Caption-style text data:
━━━━━━━━━━━━━━━━━━━━

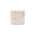 Beige color or pattern variation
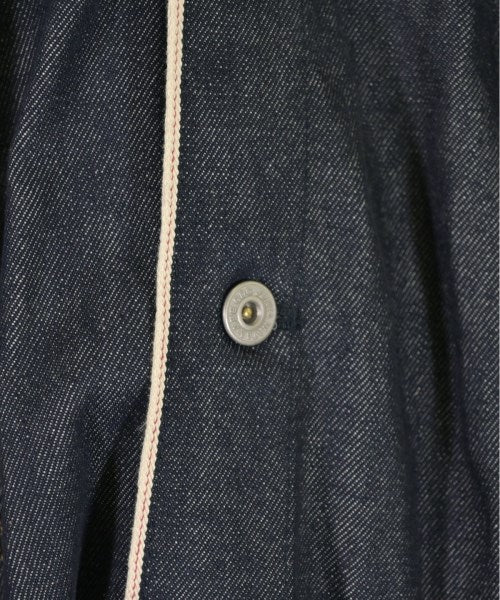 JUNYA WATANABE Other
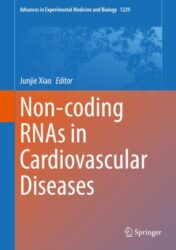 Non-coding RNAs in Cardiovascular Diseases 2020 ORIGINAL PDF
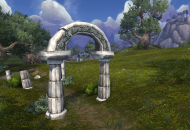 World of Warcraft: Legion  Játékképek 4df42b50d02a6c4a005e  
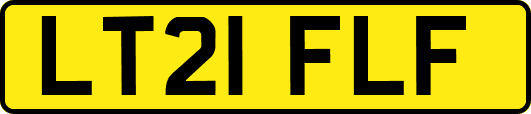 LT21FLF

━━━━━━━━━━━━━━━━━━━━

### [Directions for this task]
Copy all the data exactly as written, but skip any picture.

### [Exercise response]
 Beige color or pattern variation
 JUNYA WATANABE Other
 Non-coding RNAs in Cardiovascular Diseases 2020 ORIGINAL PDF
 World of Warcraft: Legion  Játékképek 4df42b50d02a6c4a005e  
 LT21FLF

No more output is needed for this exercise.